The three of us sat there talking and laughing about it for a long time, and I told them all about Danny’s and my quest for fertility. And even though lots of the stories were extremely entertaining, what we did made me sad because we used people. And I was truly ashamed of that.
“I want to hear about the man you love,” Ma exclaimed.
I put my head down because I couldn’t even look at my mother. As if she didn’t have enough going on, now she had to hear about my broken heart? By telling her that both Danny and I were in love, I’d teased her. Ma was probably expecting to hear wedding bells. Now I’d have to tell her how the people we loved currently hated our guts.
“What is it?” she asked, lifting up my chin to get a look at my eyes.
“Ma, I do love him. It’s just…”
“Oh my God, he’s married!”
I giggled. It was good to see Miss Drama Queen getting back to normal. “No Ma, he’s not married.”
“What then?” she urged.
“He doesn’t love me anymore. I told him the truth about the contract, and how I began the relationship under false pretenses, and he just doesn’t believe I actually fell in love with him. He told me I was evil.”

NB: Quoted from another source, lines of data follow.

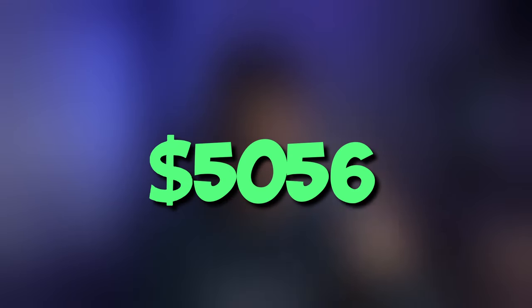My setup ended up costing $5,556, and that's kind of crazy. The only reason I'm able to have this setup is because of you guys, so I really appreciate you. I'll see you guys in the next video — hit that like button, subscribe, and have a great rest of your day.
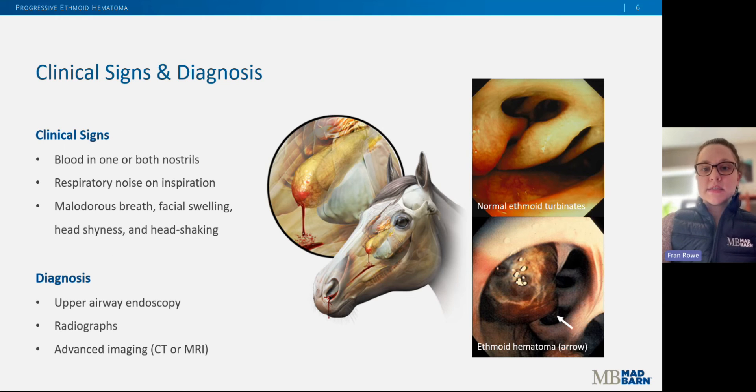In many cases of ethmoid hematoma, owners will simply report a small trickle of blood or blood staining from one or both nostrils. Often, blood in the nostrils is intermittent, meaning it comes and goes. If the mass extends into the nasal cavity and begins to block the normal flow of air, owners may also report a new onset respiratory noise. Less common clinical signs include malodorous breath, facial swelling, head shyness, and head shaking, but it's variable.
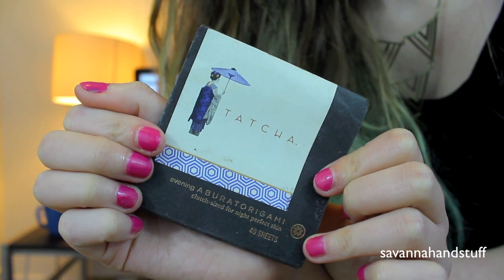My next thing is blotting sheets. The ones I have here are actually quite gourmet — they're by the brand Tatcha. They actually have gold flakes in the blotting sheets, which is pretty insane. They look very fancy.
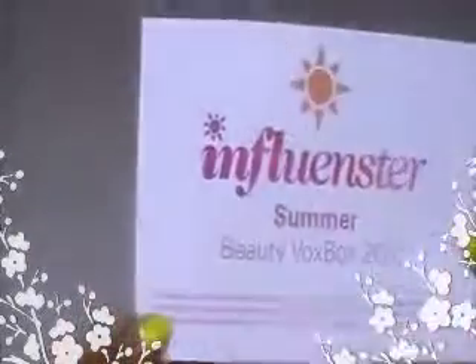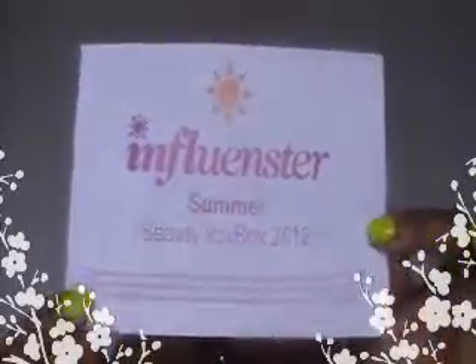Hi beauties! It is Vox Box time! I have been holding on to this and I got it like a couple of days ago. Hopefully I can put this video up really, really soon. This is what it looks like — the Influenced Summer Vox Box. And this is what comes in it.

“That bastard!” shouted Rose.
Ma gave me a big grin. “You, evil?” she giggled, “You, my sweet girl, are anything but evil. You’re filled with so much good, and you have so much love to give. And you’re finally sharing it with someone. I can tell by the look on your face. It’s the same enthusiastic, warmhearted expression I see when I talk about your father and I. You’ve finally let someone love you the way you should be loved.”
“I know, but my heart’s breaking. He won’t even look at me.”
Frankie sat up in bed and said with determination, “If you tell him how you really feel, you can get him back.”
“I don’t know. He’s pretty angry.”
“He’s also a man,” Rose piped in.
&
nbsp; “Go get him back,” Ma said.
“Hey, Ma?” I said with apprehension in my voice.
“Yeah?”
“He’s not Jewish.”
“Huh,” said Frankie with a smile, “Any chance he would convert?”
I cracked up and then I hugged my mother tight.
A few minutes later, she was ready for another nap. She told Rose to fill me in on more of the details of her condition, so the two of us went into the living room and sat on the couch, and Rose educated me on Frankie’s illness. She had stage two cancer, and the doctors were very optimistic that with the radiation, the surgery, and future chemotherapy she would fully recover. Rose gave me the names and phone numbers of all of Ma’s doctors so I could call them with the hundreds of questions I had.
Frankie had been so stubborn, so hard-headed in not wanting us to know she was sick, that she had carried the burden all by herself. I wondered how she must have felt telling me she was going on a vacation and seeing the world, when in reality she was having radiation treatments and then a mastectomy. She had told me she had a limousine picking her up to take her to the airport, when in truth, the limo was taking her to the hospital.
It all began to make sense. I now knew exactly why she put the demands she did on Danny and I. I wondered how I could have doubted my own mother’s character. Shouldn’t I have realized something was really wrong? All this time, I’d kept saying how selfish Ma was, how she wanted grand-children just because all her friends had them. Now I realized it was because Frankie felt like she was running out of time.
While Ma slept and Rose watched the news, I decided it was time to call my brother.
Chapter 38
I answered my cell, “Hey, I’m really glad you called. I need your help. I’m in a flower shop. What color roses should I send? All red or half red half pink?”